> **Task goal**
An exact copy of the entries is required, excluding any pictures.
((
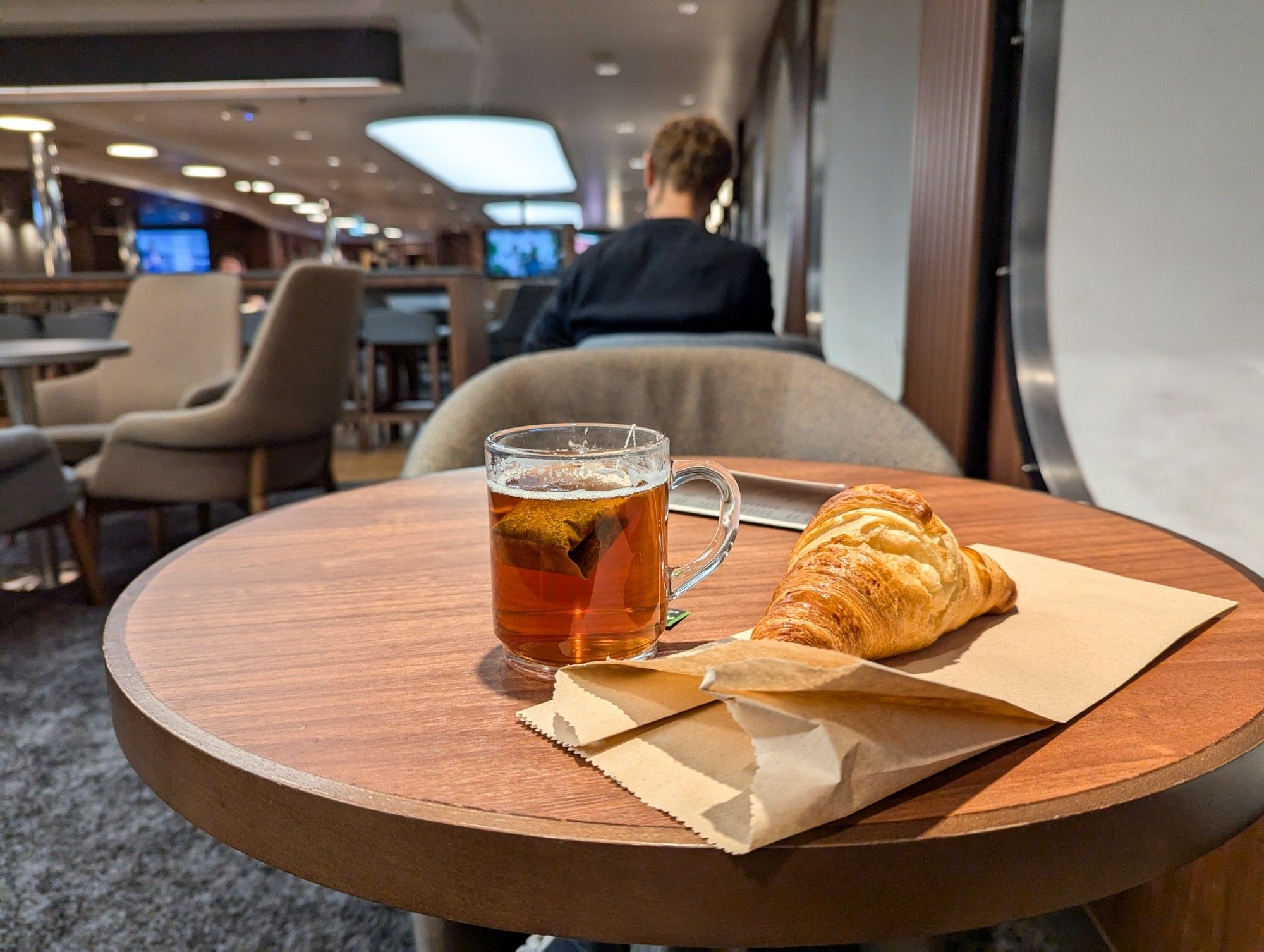 Tea and croissant on a table at the bar.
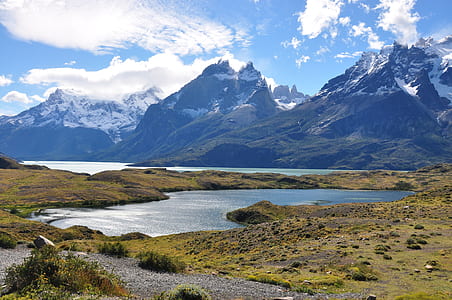 mountains and body of water under sunny sky thumbnail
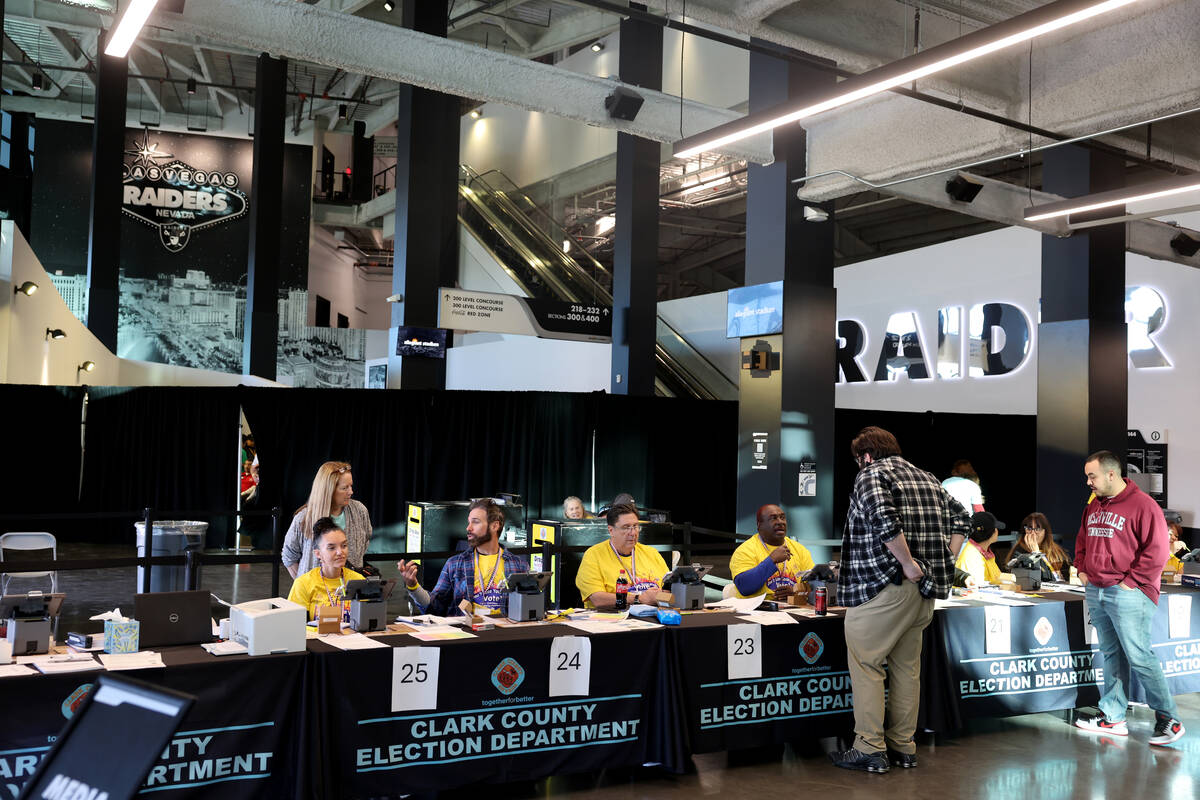 Poll workers help people check in to vote at Allegiant Stadium in Las Vegas on Nov. 5, 2024. (K ...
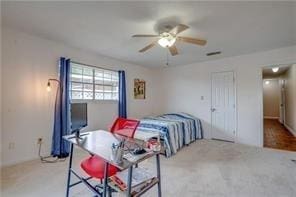 bedroom featuring light carpet and ceiling fan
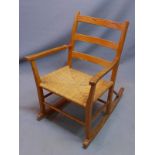 An Arts and Crafts style rocking chair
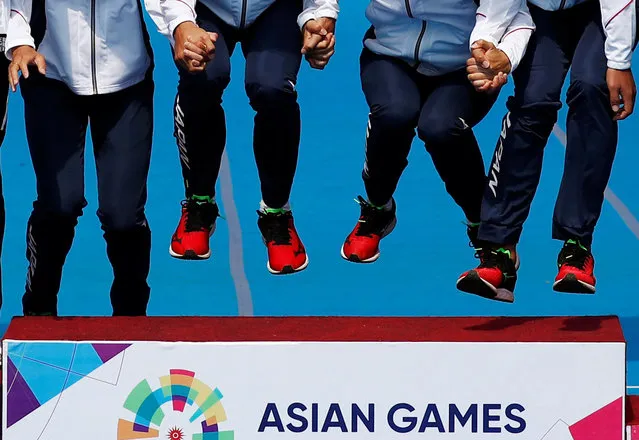 Gold medalists Team Japan jumps on the podium during the awards ceremony for the women' s team soft tennis event at the 2018 Asian Games in Palembang on September 1, 2018. (Photo by Edgar Su/Reuters)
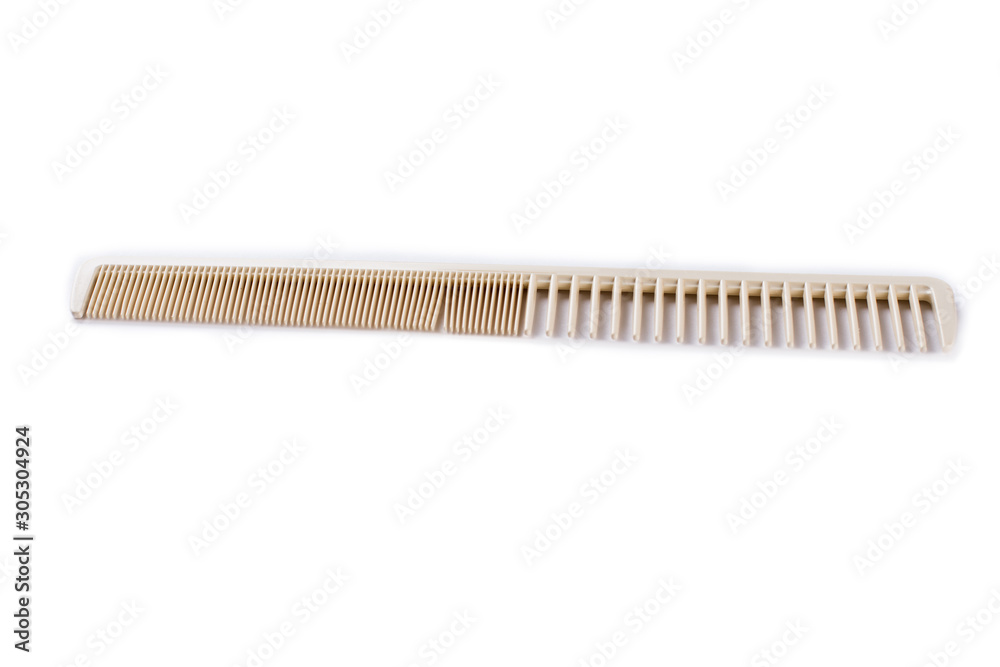 Hair comb isolated on white background. Plastic hair brush. Space for text. Hair comb isolated on white background. Plastic hair brush. Space for text.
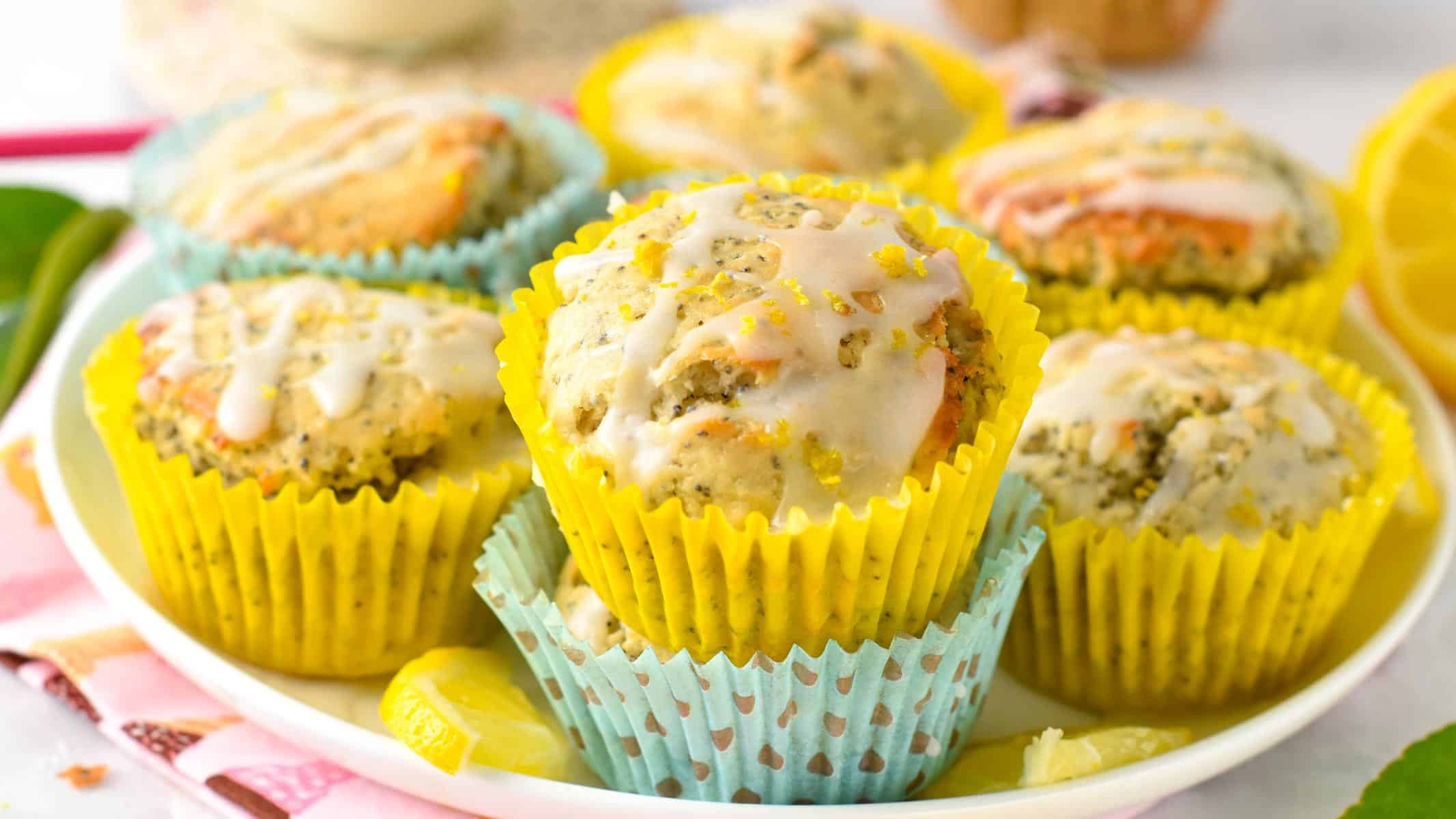 These Vegan Lemon Poppyseed Muffins are light fluffy breakfast muffins with bursting lemon flavors with a sweet tangy lemon glaze.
))
> **Exercise response**
 Tea and croissant on a table at the bar.
 mountains and body of water under sunny sky thumbnail
 Poll workers help people check in to vote at Allegiant Stadium in Las Vegas on Nov. 5, 2024. (K ...
 bedroom featuring light carpet and ceiling fan
 An Arts and Crafts style rocking chair
 Gold medalists Team Japan jumps on the podium during the awards ceremony for the women' s team soft tennis event at the 2018 Asian Games in Palembang on September 1, 2018. (Photo by Edgar Su/Reuters)
 Hair comb isolated on white background. Plastic hair brush. Space for text. Hair comb isolated on white background. Plastic hair brush. Space for text.
 These Vegan Lemon Poppyseed Muffins are light fluffy breakfast muffins with bursting lemon flavors with a sweet tangy lemon glaze.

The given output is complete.